Five reasons the Xbox One will fail in China

3 min read

Chow yun pirate

Good old American McGee – despite his patriotic sounding name, the veteran game developer in charge of Spicy Horse lives in Shanghai and has some rather specific thoughts about Microsoft’s chances at success in China. They aren’t too optimistic, and they hit the nail right on the head.

Using the wonderful platform that is Facebook, McGee laid out his five reasons that the Xbox One will fail in China:

  1. Console ban was ineffective – consoles and games already available
  2. Set-top box market already saturated – tons of cheaper, Android-powered devices readily available
  3. Piracy – it’s massive and awe-inspiring in China
  4. Cultural/Audience disconnect
  5. Censorship and restrictions on content – with such tight censorship, consumers would rather go through black market or pirated consoles (see points 1-3)

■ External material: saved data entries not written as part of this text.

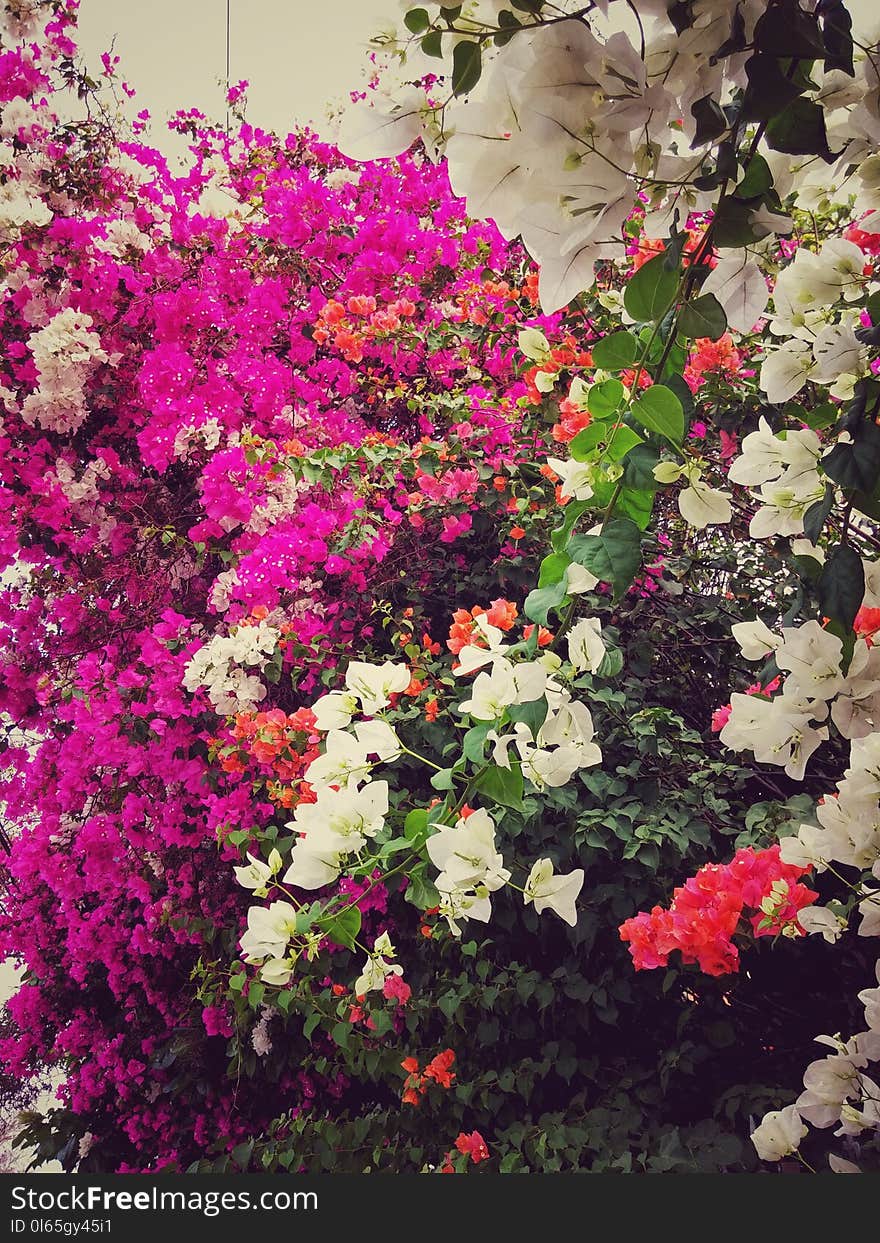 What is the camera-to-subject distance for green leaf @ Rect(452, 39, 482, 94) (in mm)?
353

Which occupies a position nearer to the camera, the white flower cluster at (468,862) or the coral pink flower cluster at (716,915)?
the white flower cluster at (468,862)

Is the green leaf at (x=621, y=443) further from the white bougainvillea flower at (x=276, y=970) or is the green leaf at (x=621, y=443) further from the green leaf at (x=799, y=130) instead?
the white bougainvillea flower at (x=276, y=970)

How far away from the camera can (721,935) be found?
2.89 ft

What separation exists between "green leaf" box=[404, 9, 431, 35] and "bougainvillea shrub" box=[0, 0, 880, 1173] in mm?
10

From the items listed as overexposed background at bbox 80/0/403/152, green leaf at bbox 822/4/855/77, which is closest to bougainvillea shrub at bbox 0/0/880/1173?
green leaf at bbox 822/4/855/77

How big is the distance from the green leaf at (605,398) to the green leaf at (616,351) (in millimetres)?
10

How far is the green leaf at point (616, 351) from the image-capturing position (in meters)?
0.41

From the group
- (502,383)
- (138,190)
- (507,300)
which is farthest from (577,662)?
(138,190)

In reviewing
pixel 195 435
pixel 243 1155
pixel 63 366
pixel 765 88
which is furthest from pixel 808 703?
pixel 63 366

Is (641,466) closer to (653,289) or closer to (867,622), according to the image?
(653,289)

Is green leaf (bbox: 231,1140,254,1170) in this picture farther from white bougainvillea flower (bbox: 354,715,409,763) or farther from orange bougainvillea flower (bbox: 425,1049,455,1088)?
white bougainvillea flower (bbox: 354,715,409,763)

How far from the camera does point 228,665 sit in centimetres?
164

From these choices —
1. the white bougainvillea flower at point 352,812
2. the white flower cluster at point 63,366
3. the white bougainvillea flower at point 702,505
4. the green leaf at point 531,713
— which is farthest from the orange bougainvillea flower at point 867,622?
the white flower cluster at point 63,366

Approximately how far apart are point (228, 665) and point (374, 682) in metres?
1.14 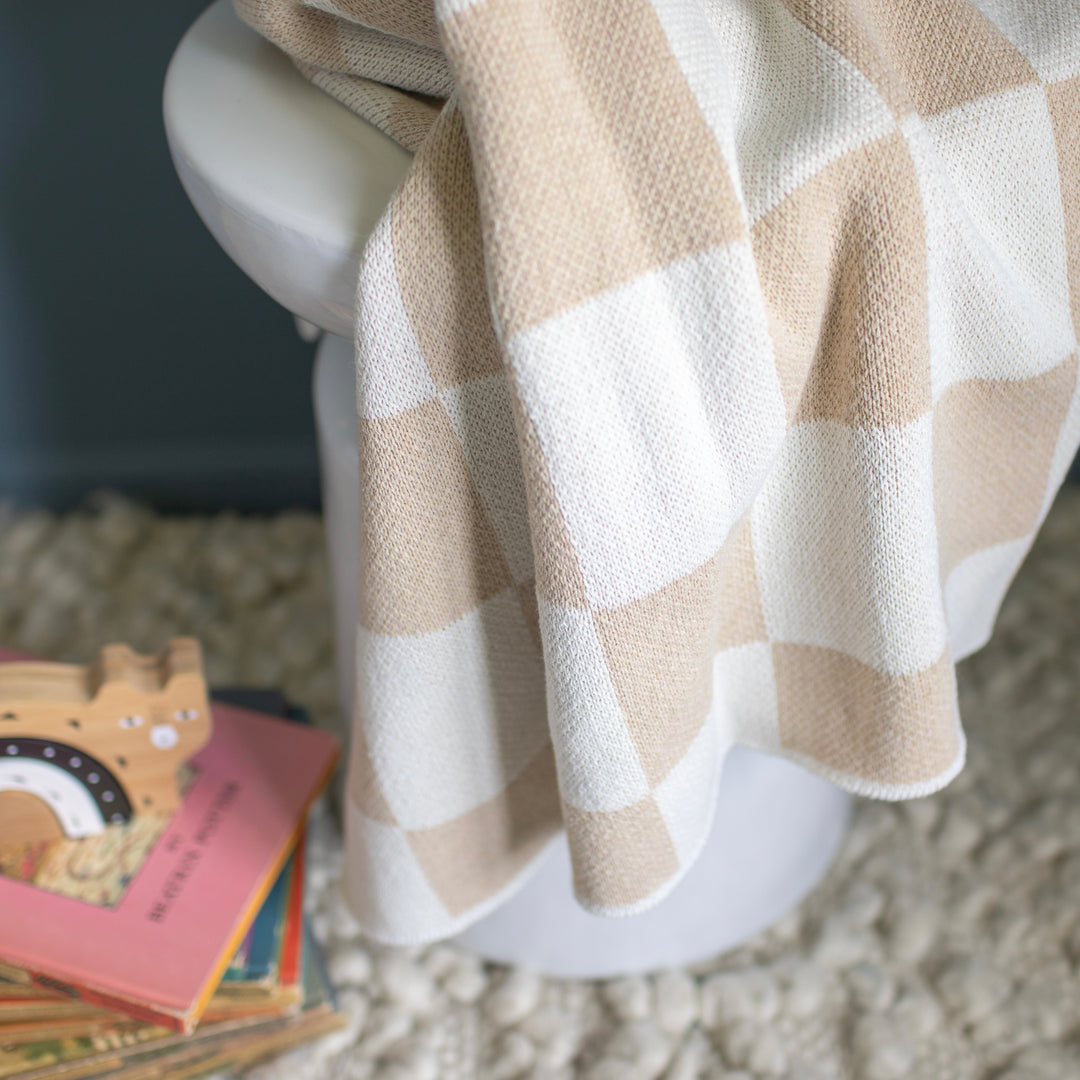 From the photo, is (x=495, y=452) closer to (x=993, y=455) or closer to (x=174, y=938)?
(x=993, y=455)

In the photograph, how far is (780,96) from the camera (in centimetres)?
44

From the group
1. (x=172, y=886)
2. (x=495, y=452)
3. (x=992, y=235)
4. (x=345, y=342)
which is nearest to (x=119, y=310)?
(x=345, y=342)

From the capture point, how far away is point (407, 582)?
1.59 feet

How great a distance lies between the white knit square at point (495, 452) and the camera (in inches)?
17.7

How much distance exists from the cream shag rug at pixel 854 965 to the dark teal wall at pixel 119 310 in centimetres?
18

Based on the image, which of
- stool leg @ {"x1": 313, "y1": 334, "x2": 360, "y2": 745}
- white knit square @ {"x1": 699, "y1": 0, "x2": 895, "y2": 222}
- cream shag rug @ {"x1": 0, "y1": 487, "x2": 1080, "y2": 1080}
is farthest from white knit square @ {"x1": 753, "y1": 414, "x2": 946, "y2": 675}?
cream shag rug @ {"x1": 0, "y1": 487, "x2": 1080, "y2": 1080}

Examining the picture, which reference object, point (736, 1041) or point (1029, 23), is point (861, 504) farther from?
point (736, 1041)

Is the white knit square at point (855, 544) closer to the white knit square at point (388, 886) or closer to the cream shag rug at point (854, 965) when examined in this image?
the white knit square at point (388, 886)

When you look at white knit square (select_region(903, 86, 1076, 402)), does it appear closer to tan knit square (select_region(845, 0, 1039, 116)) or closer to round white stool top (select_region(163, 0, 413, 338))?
tan knit square (select_region(845, 0, 1039, 116))

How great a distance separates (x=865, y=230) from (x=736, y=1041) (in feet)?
1.71

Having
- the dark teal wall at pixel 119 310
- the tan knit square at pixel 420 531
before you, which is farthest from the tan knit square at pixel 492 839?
the dark teal wall at pixel 119 310

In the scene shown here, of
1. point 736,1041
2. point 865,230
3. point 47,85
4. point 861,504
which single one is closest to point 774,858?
point 736,1041

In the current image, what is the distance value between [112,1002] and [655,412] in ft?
1.47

I think most of the points are fairly self explanatory, which is why I want to look a bit more at the fourth. What does he mean by cultural/audience disconnect? Well, his full explanation is:

The target market of kids/young-adults from middle-class/wealthy families don’t have free time to spend on console games (or TV/movies). Between the ages of 3~22 years of age they are heads-down with study, school, and extra-curricular activities that will increase their chances of competing successfully against others in the super-hot Chinese job market. Those that aren’t studying don’t have money to spend on a console.

Much like piracy, if you haven’t seen the study-driven mentality in China with your own eyes, it’s hard to believe. Culturally, it is expected that from a ridiculously early age (and no, McGee isn’t exaggerating by saying it starts at age three) the primary focus will be on academics and academically oriented extra murals. Have you seen that video that went viral of the little Chinese boy playing piano? It’s impressive, of course, but it’s also indicative of the expectations parents place on their children in China. Assuming the family can afford it, any and all resources are spent on securing the child’s future through studying and specific extra activities – console-based entertainment simply doesn’t feature as a priority for parents.

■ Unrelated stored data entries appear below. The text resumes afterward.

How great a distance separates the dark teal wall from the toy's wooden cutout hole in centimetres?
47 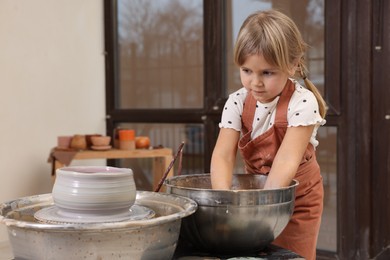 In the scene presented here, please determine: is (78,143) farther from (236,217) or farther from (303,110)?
(236,217)

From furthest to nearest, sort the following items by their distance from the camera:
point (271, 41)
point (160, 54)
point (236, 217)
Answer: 1. point (160, 54)
2. point (271, 41)
3. point (236, 217)

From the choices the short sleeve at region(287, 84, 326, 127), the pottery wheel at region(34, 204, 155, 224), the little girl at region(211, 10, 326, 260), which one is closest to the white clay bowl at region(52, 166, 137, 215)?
the pottery wheel at region(34, 204, 155, 224)

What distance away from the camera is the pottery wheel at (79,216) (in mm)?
823

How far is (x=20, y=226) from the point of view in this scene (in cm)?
76

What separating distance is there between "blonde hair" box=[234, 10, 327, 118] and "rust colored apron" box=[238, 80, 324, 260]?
129mm

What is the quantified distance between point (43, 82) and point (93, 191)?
2.29 m

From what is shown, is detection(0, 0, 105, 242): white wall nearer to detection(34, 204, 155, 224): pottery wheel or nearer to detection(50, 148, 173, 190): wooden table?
detection(50, 148, 173, 190): wooden table

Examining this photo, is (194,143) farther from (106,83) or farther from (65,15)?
(65,15)

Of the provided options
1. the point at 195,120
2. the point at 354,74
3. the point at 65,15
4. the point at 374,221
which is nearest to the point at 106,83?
the point at 65,15

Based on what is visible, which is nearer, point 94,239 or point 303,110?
point 94,239

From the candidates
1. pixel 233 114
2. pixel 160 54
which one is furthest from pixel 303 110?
pixel 160 54

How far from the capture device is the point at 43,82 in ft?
9.77

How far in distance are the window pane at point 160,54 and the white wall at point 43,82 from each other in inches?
6.7

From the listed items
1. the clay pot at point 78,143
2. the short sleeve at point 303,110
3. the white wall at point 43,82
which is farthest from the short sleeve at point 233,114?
the white wall at point 43,82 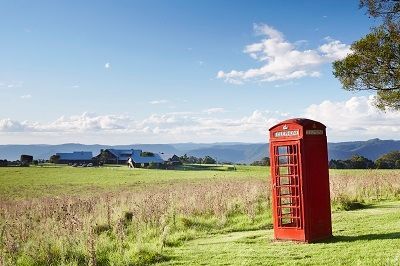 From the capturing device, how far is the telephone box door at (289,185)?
415 inches

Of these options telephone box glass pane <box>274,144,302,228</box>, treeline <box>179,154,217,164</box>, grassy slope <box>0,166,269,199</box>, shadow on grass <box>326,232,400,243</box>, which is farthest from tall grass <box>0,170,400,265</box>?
treeline <box>179,154,217,164</box>

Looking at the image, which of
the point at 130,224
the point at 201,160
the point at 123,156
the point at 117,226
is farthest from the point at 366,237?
the point at 123,156

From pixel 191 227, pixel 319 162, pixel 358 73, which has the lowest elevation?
pixel 191 227

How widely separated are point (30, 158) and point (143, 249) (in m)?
90.5

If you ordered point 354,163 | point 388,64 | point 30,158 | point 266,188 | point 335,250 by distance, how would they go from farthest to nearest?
point 30,158, point 354,163, point 266,188, point 388,64, point 335,250

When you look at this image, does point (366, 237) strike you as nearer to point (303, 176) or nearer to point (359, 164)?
point (303, 176)

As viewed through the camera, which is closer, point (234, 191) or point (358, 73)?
point (358, 73)

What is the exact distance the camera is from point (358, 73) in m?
18.6

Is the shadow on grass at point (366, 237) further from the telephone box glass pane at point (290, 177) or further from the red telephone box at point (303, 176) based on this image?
the telephone box glass pane at point (290, 177)

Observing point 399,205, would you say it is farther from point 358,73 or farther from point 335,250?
point 335,250

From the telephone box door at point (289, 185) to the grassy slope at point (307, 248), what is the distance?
0.34 meters

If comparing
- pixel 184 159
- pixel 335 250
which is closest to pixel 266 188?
pixel 335 250

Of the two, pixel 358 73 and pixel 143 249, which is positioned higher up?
pixel 358 73

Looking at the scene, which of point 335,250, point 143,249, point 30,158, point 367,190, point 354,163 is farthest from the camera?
point 30,158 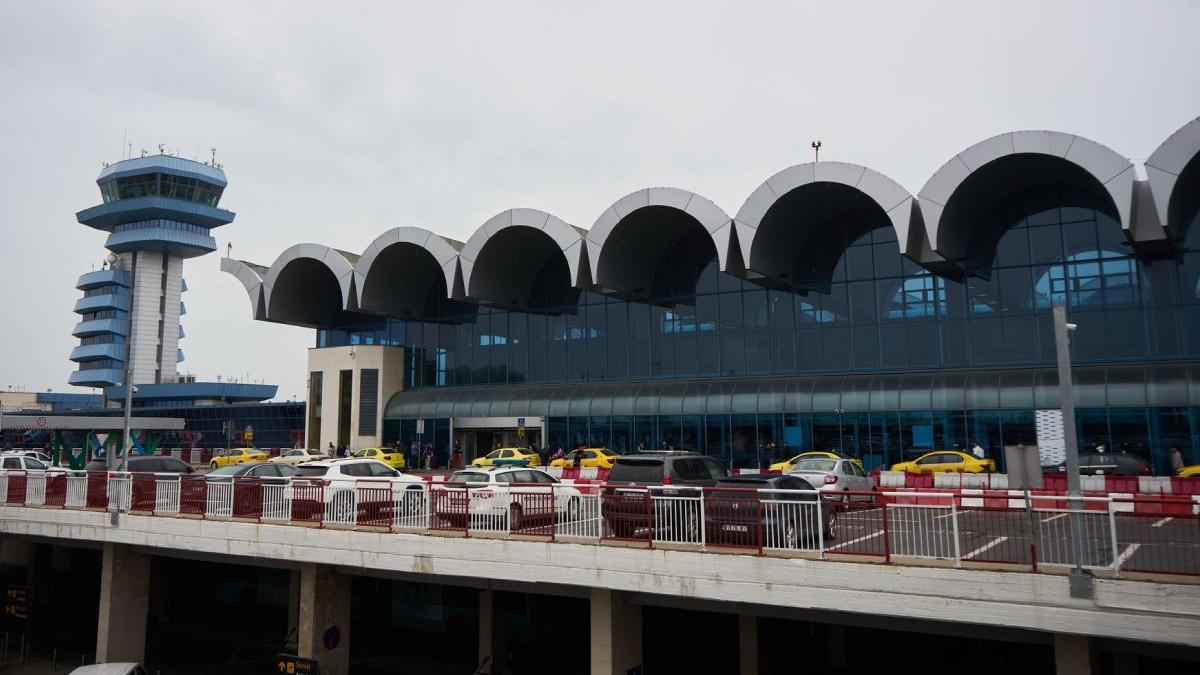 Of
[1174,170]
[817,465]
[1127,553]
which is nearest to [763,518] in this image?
[1127,553]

Microsoft is only planning to sell about 100k consoles in China. A ridiculously small number considering the population size. I suppose this means that Microsoft knows that it won’t sell well in China, but it makes me wonder what’s the point of localizing the console if they know it won’t do well. It will be released in September in China – the same time as its release in South Africa. Which market do you think will be more receptive to it?

I’m certainly excited to get my hands on the console, but how many will sell locally?